SUSSEXITE (sasekkusu-seki)
      Kouchi: Pink or yellowish, small massive grains at the Matsuo mine.
      Tokushima: Small massive grains at the Hakuryu mine, with ardennite, etc.

SUZUKIITE (suzuki-seki)
      Gumma: Suzukiite, a rare barium-vanadium silicate (the Ba-analogue of haradaite), forms tiny, bright emerald green, vitreous translucent crystals or flakes to 1mm, and aggregates, with three cleavages (one perfect micaceous), in massive pink meta-sedimentary rhodonite-rhodochrosite at its type locality, the Mogurazawa manganese mine (in stream cobbles below the mine, apparently eroded from the country rock, not from the mine itself). Associated species are rhodonite, rhodochrosite, quartz, barite, alabandite, nagashimalite and barian roscoelite.

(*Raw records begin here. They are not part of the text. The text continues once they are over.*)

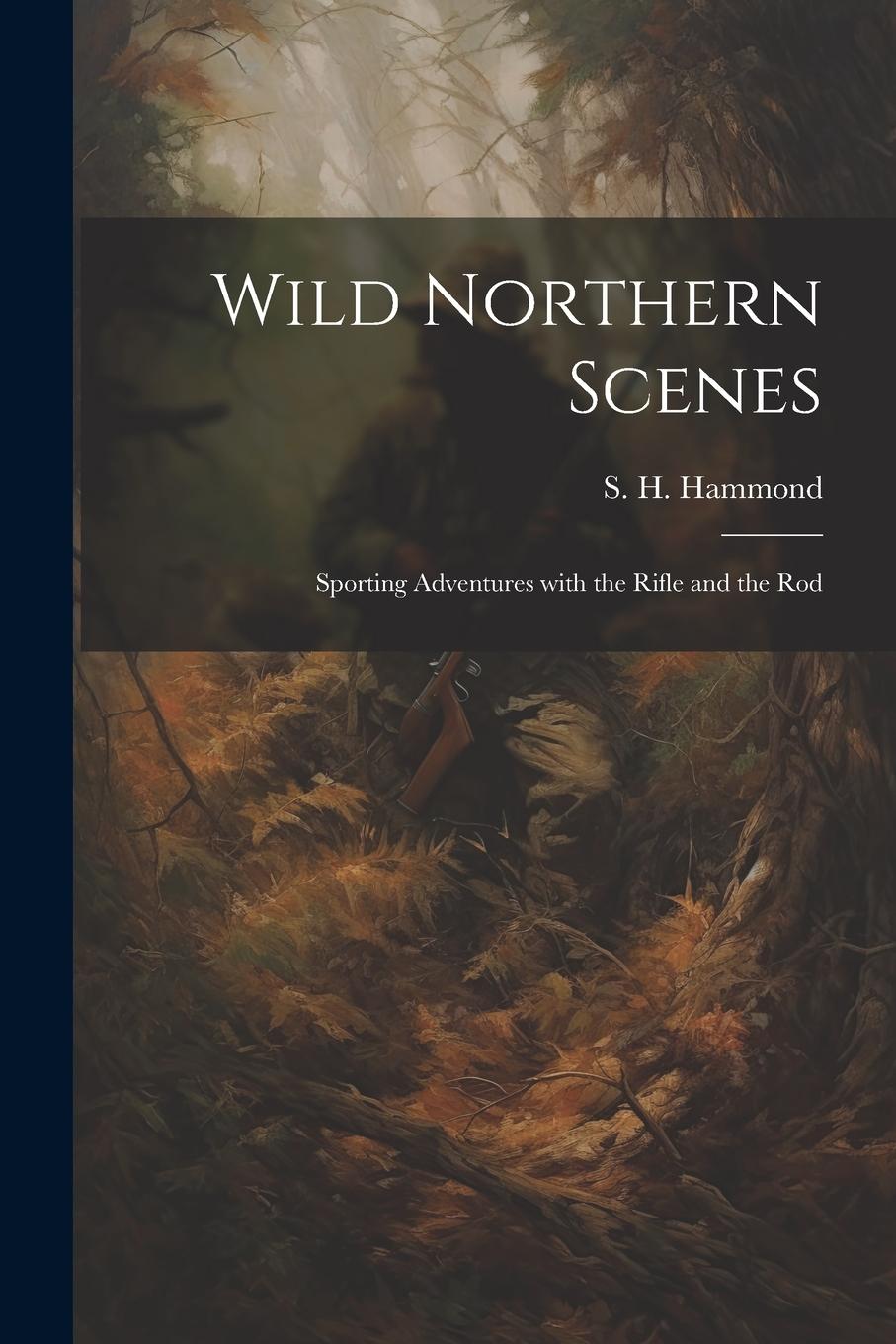 Vorderes Coverbild Wild Northern Scenes: Sporting Adventures with the Rifle and the Rod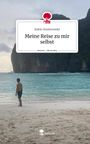 Robin Dombrowski: Meine Reise zu mir selbst. Life is a Story - story.one, Buch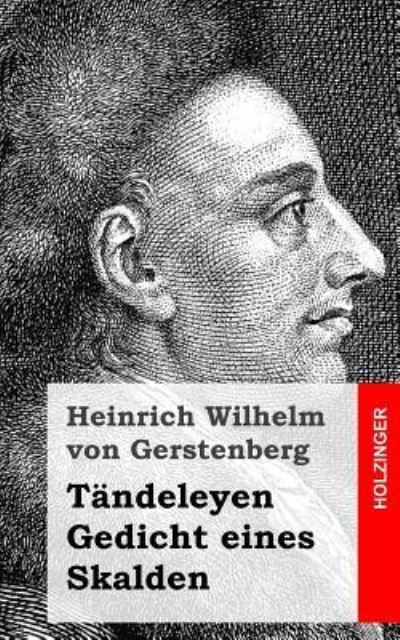 Cover for Heinrich Wilhelm Von Gerstenberg · Tandeleyen / Gedicht Eines Skalden (Pocketbok) (2013)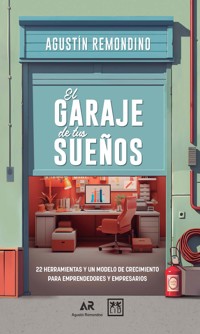 El garaje de tus sueños - Agustín Remondino - E-Book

Strontium substitutes for about 11 atom% of the barium.
      Iwate: Thin tabular, bright emerald green crystals to 3mm in rhodonite ore at the Matsumaezawa (No. 3) orebody of the Tanohata mine, with quartz and vanadium-bearing aegirine.
      Nagano: Hamayokokawa mine.

SVANBERGITE (subanberugu-seki; suvanberugu-seki)
      Shizuoka: Calcian svanbergite occurs at the Kawazu mine as tiny light creamy yellow microcrystalline masses, difficult to distinguish from clay, in vugs in native tellurium-bearing massive quartz.
      Yamaguchi: Hinomaru-Nako mine.

SWITZERITE (su'uittsah-seki)
      Saitama: In manganese ore at the Hirogawara mine (qv Metaswitzerite).